Tren Sandiwara Radio, Akademisi USK Sebut Pernah Populer di Aceh
Font: Ukuran: - +
Dosen jurusan Bahasa FKIP Universitas Syiah Kuala, Herman Rn. Foto: Ist
DIALEKSIS.COM | Nasional - Di era 60 an hingga 90-an keberadaan sandiwara radio mewarnai kehidupan masyarakat Indonesia. Saat itu kisah fonomenal sangat dinantikan para pendengar setianya, seperti Misteri Gunung Merapi pada 1980-an, berlanjut dengan Saur Sepuh dan Tutur Tinular, hingga Catatan Si Boy. Masa keemas an itu membekas, bahkan jadi hal yang selalu dibahas saat mengenang masa itu.
Kondisi terkini, nyata kerinduan sandiwara radio mulai bangkit kembali, bahkan Dimas dari Ardan Radio pernah mengungkapkan di media republika, trend kebutuhan masyarakat Indonesia terhadap sandiwara radio mengalami peningkatan pendengar setianya.
“Terlebih, untuk menikmati drama audio bisa sambil mengerjakan hal lain, seperti sambil menyetir, memasak, ngopi, atau saat ngabuburit di bulan Ramadhan,” ujarnya.
Pengalaman menyimaknya pun semakin mengasyikkan. "Dengan teknologi, audionya bisa dibikin lebih keren, kualitasnya jernih sehingga lebih oke. Itu bisa memicu banyak orang mencoba-coba membuat drama audio," ungkap Dimasta.
Hal senada disampaikan Dosen jurusan Bahasa FKIP Universitas Syiah Kuala, Herman Rn kepada Dialeksis.com (09/04/2023). Dirinya menjelaskan sandiwara radio memang mulai mendapatkan tempat kembali dalam dunia pendengar di Indonesia, termasuk di Aceh.
“Sandiwara radio semakin diminati yakni konsistensi, diperlukan penulis naskah sandiwara radio yang benar-benar paham, baik secara teknis maupun kualitas,” jelasnya.

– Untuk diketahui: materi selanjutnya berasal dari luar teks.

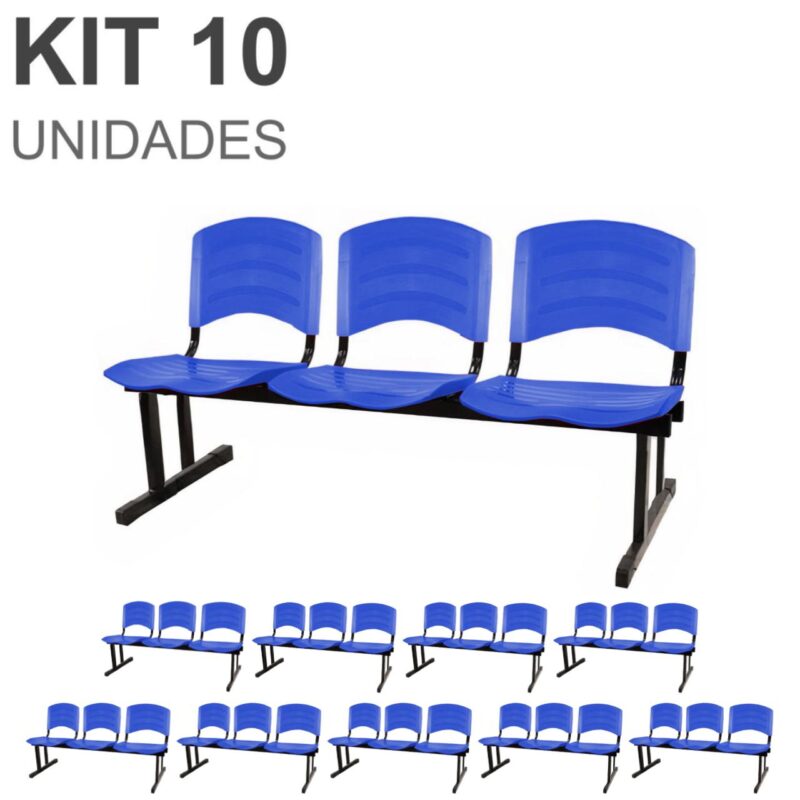 Kit 10 Cadeiras Longarinas PLÁSTICAS 03 Lugares – Cor Azul 33057 PREMIUM OFFICE Móveis para Escritório Longarinas 2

Ia juga menyampaikan selama ini sandiwara radio sempat menghilang karena pengaruh televisi dan internet. Di era revolusi digital saat ini, tatkala televisi sudah mulai mengalami revolusi ke arah dunia konten kreator, orang-orang mulai menonton televisi di internet.
Sejalan dengan itu menurut Herman, radio pun mulai menemukan kembali pemirsanya seiring kerinduan dan kebutuhan masyarakat Indonesia.
“Beberapa kali saya sempat mendengar sandiwara di radio. Namun, secara kualitas, sandiwara radio saat ini belum sampai pada klimaks sebagaimana pada masa booming Saur Sepuh, Nini Pelet, dan lain-lain,” ungkapnya.
Secara sejarah keberadaan sandiwara radio di Aceh pernah populer. Saat itu menurut Herman hadir kisah geulanggang labu, sinar jeumpa, dan beberapa lainnya yang menghidupkan sandiwara radio berbahasa Aceh.
“Ke depan diperlukan revormasi sandiwara radio yang disesuaikan dengan konteks kekinian dengan tema-tema yang mutakhir sehingga sandiwara radio kembali bergema di Aceh dan di daerah lain di Indonesia,” harap Herman.